[Stored data]
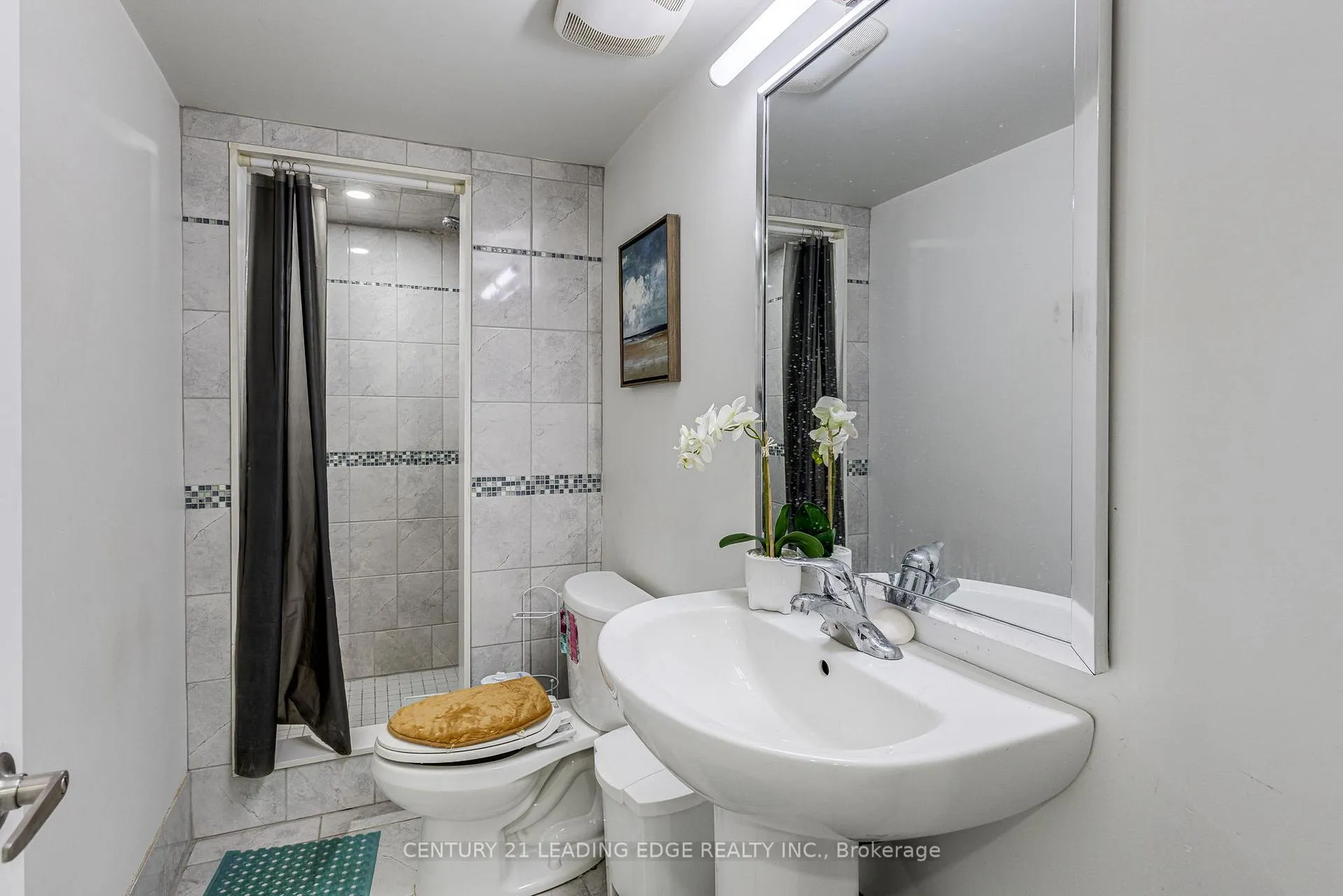 Photo 27 of 102 Mactier Drive, Vaughan, Kleinburg — HOMEH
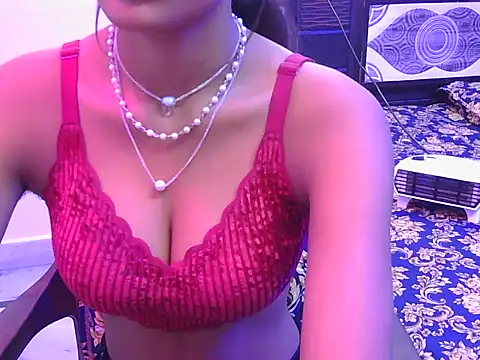 hot-nisha online show from 12/18/25, 06:30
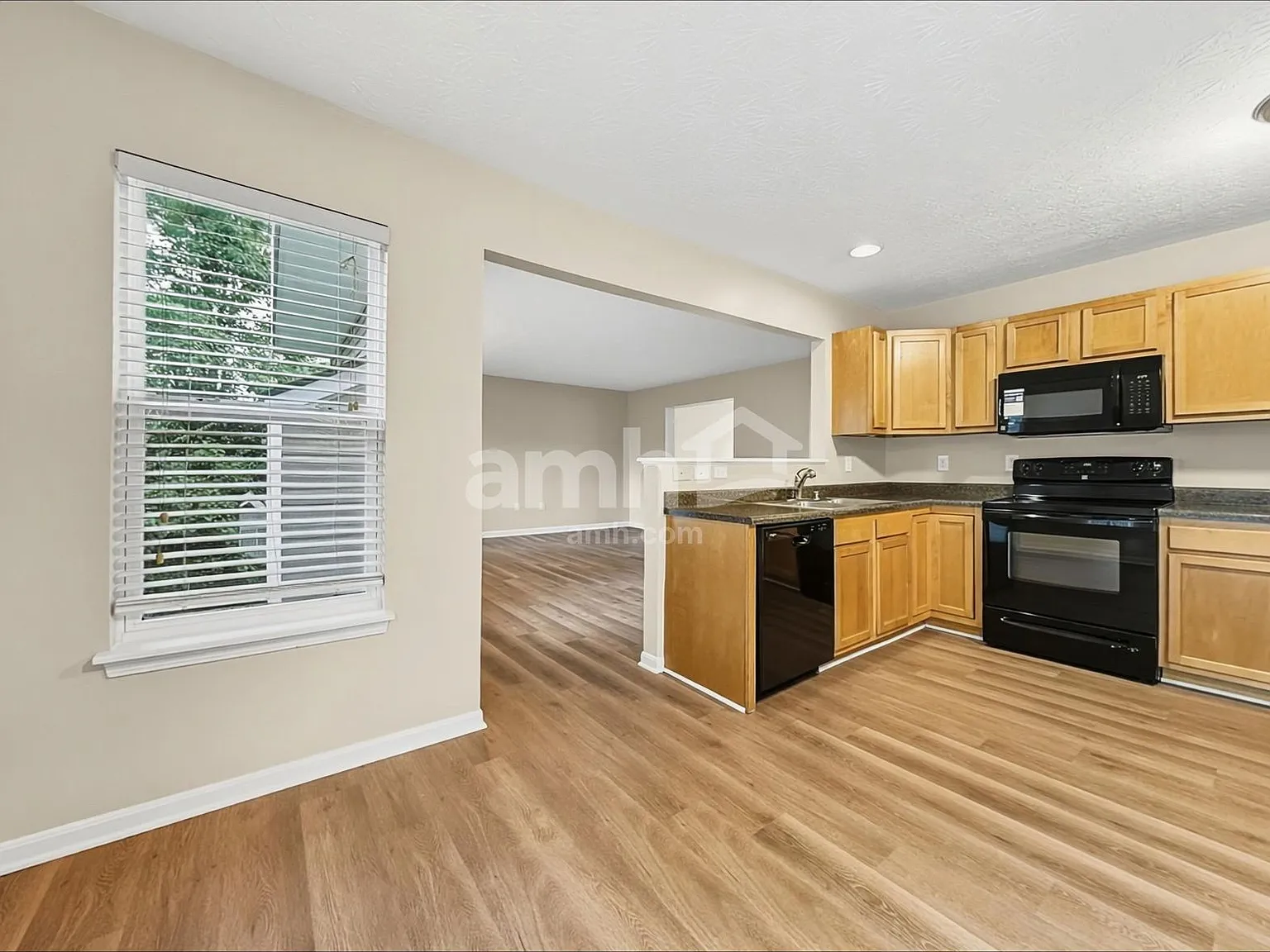 3 bed, 2.5 bath, 1998 sqft, $2,535 — Photo 4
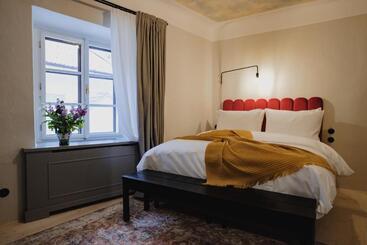 فندق Monastery Garden Bistro & Rooms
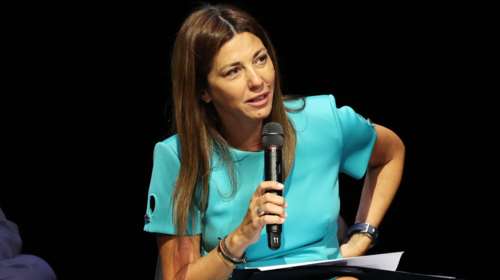 &quot;Υπουργός Οικογένειας χωρίς παιδιά&quot;: Η Ζαχαράκη απαντά για τη σκληρή κριτική που είχε δεχθεί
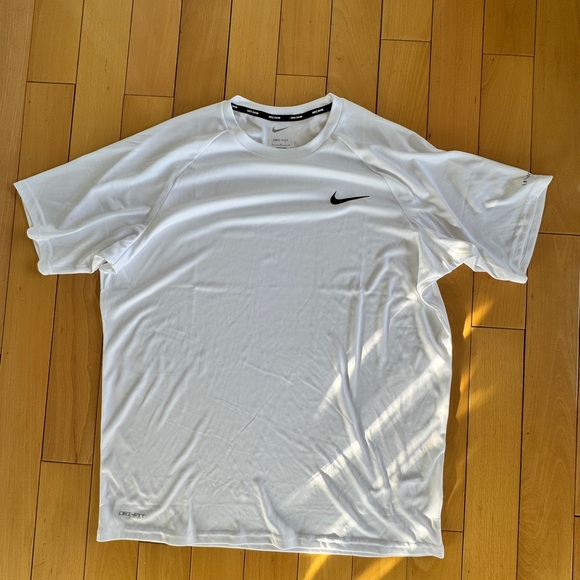 Nike Dri-FIT Tshirts - Picture 3 of 7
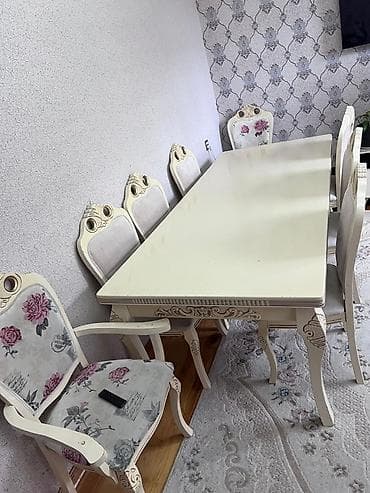 Qonaq otağı üçün klassik mebel dəsti - Rəng: krem/ivori, qızılı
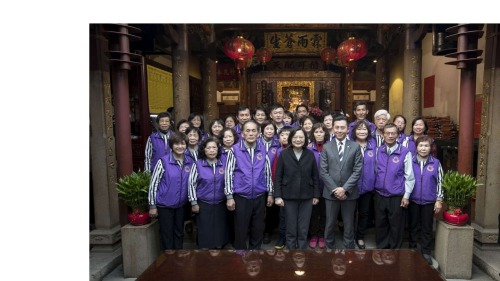 蔡英文总统与新竹市长林智坚和长和宫工作人员合影。
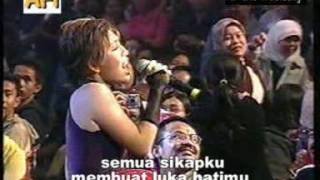 Download lagu Konser Menuju Bintang AFI 1 Bandung - Salahkah Ku (Icha AFI) mp3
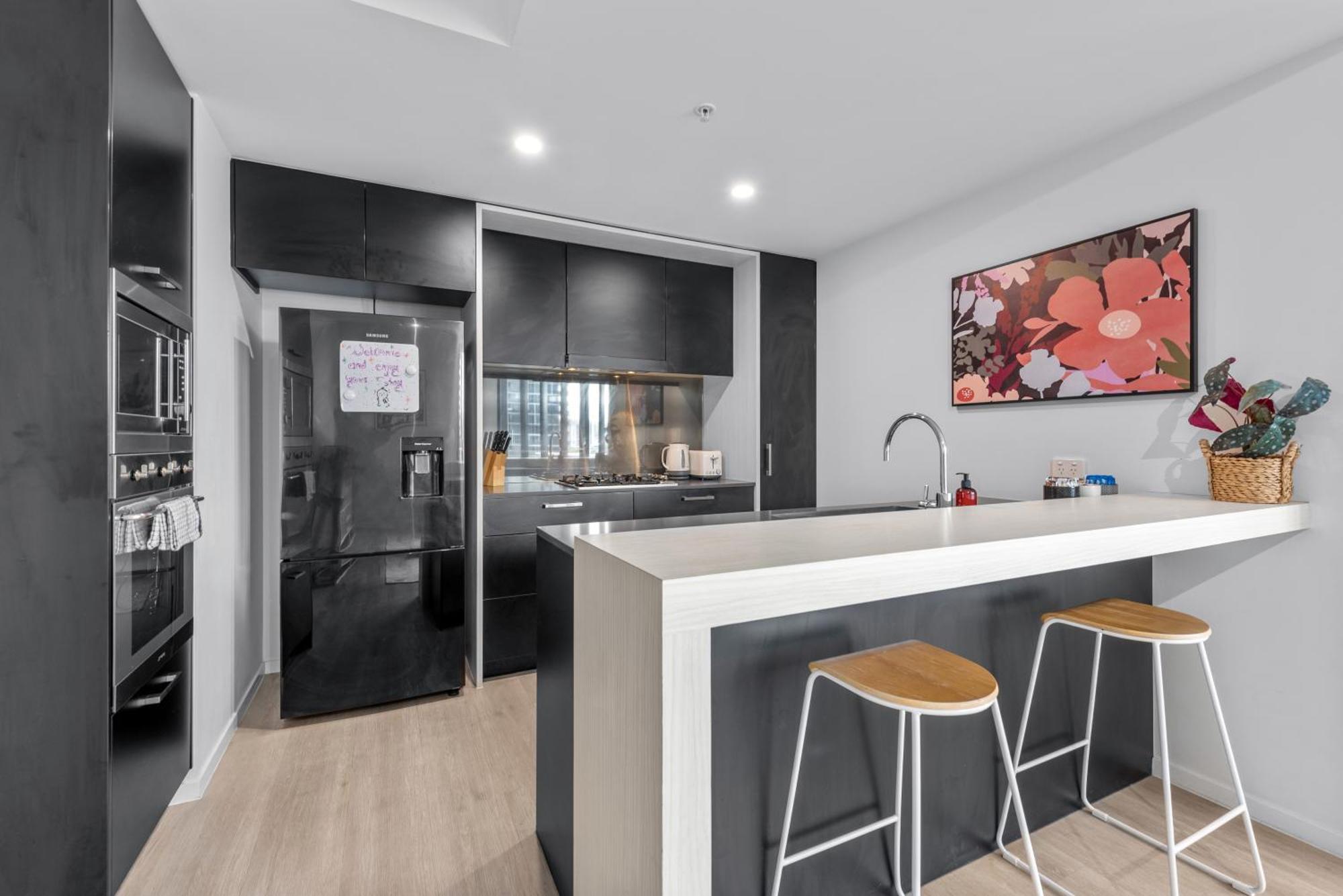 Spacious 2brm On Fish Lane With Roof Pool * Brisbane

→ Work task
Could you set down exactly, and only, the lines from the line containing "Nike Dri-FIT Tshirts - Picture 3 of 7" through the last line of the records, both included, without the pictures?

→ Response area
 Nike Dri-FIT Tshirts - Picture 3 of 7
 Qonaq otağı üçün klassik mebel dəsti - Rəng: krem/ivori, qızılı
 蔡英文总统与新竹市长林智坚和长和宫工作人员合影。
 Download lagu Konser Menuju Bintang AFI 1 Bandung - Salahkah Ku (Icha AFI) mp3
 Spacious 2brm On Fish Lane With Roof Pool * Brisbane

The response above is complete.